A new blog by our Mathcad/Education Program team on students and their first experience with Mathcad.
Was your experience the same as some of these future engineers?
In answer to the specific question posted, I din't get to use Mathcad until I was more than 10 yrs out of college, but it was great!
As to some of the rants in the blog, your mileage may vary. My son is in a college prep high school, last rated about 26th in the Newsweek rankings, and they actually require minimum of a TI-83. Almost all of the SAT-like tests expect calculator usage.
The TI-83's descendant, the TI nSpire has a GUI, not unlike Mathcad's, and TI is finally making inroads into the back-to-school racks this year, quite different than two years ago, when we got one for sophomore year. As the TI-83 gets longer in the tooth, the nSpire should become the flagship and premier calculator product for TI. Unfortunately, TI's PC based emulation of the nSpire requires an additional $49, and not even I've broken down to purchase it.
One of biggest disappointments in Mathsoft's and PTCs product evolutions is the demise of Studyworks. While I wasn't particularly a fan of the Science version of Studyworks, the Math version was one of those "just right" products that have tons of power hidden behind a simple interface.
IF PTC is unwilling to revive Studyworks, perhaps a collaboration with the nSpire might make some sense, especially if a translator for the nSpire worksheets could be read into Mathcad.
Look at this!
A link to a blog that doesn't appear in the mathcad blog page.
How would I find this starting from the mathcad page if this note weren't posted?
That particular blog seems to be a singular thing. The rest of the blogs are located here:
The analysis should also consider learning & doing styles. e.g. http://www.vark-learn.com/ And consider the mental attitude / mental model at the time.
Some see the exercise as a procedural activity (think C coding, Matlab, etc) and some as a concise encompassing abstraction (MathCAD !). Often it is noce to have a the large range of choices that C and MatLab gives you. You have a feeling of direct control and you can hack and burn to your hearts content. Then you get tired. You want to concisely represent the problem and get the results. You need both the tool AND the viewpoint (veltanshaung in SSM), and lo and behold mathcad comes to your rescue. But some never shift up the gear to want to reformulate there problems in the mathcad way. They stay stuck in hack and burn, but mathcad punishes that even more because it doesn't let you get started - you simply don't have that separation between coding (wher all errors are allowable) and running the code (where the errors are discovered, late).

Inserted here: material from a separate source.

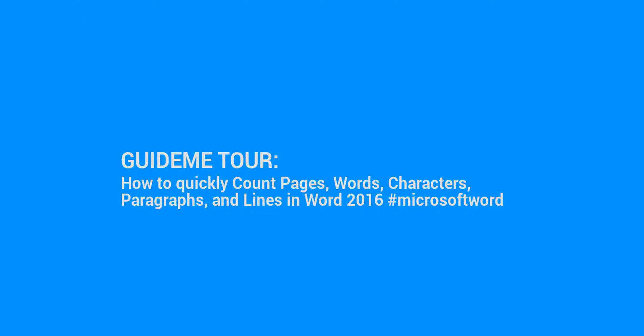Welcome to GuideMe.io, let's learn how to quickly count pages, words, characters, paragraphs, and lines in Word 2016 #microsoftword.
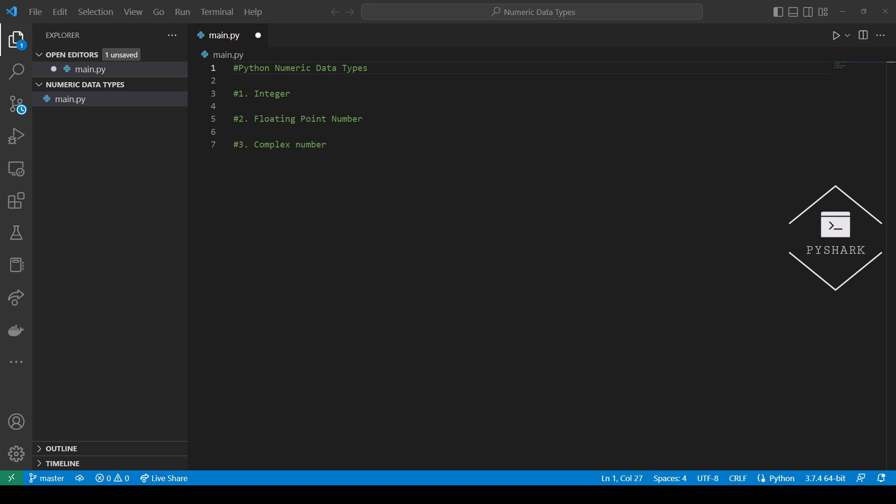In Python there are three distinct numeric types: integers, floating point numbers, and complex numbers. Numbers are created by numeric literals or as the result of built-in functions and operators.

Anyway, that's my thre'penny worth.
First experience could be good or bad, but at least is the introduction for a tool to make the engineering work. What about the second experience? When the engineering student must to use the tool in chem, phys, math, biology classroom? In the past we have a very big collection of books with a mathcad electronic book suplement (like the Schaum serie). For teach anything in engineering we need books, just think in an engineer that never must to study nothing in a book and which class of work can hi do.
But now the books for mathcad are all for the first-time approach. Electronic suplements came with the "mathcad engine" but can't run in new operating systems, needs emulation of windows for work groups. Also are write with some old pedagogical concepts. If PTC wants the new generations working with mathcad needs to re-implement the association with the printers of the learning books, giving support to writers and a new mathcad engine to read electronic books with the key examples and problems for the matter.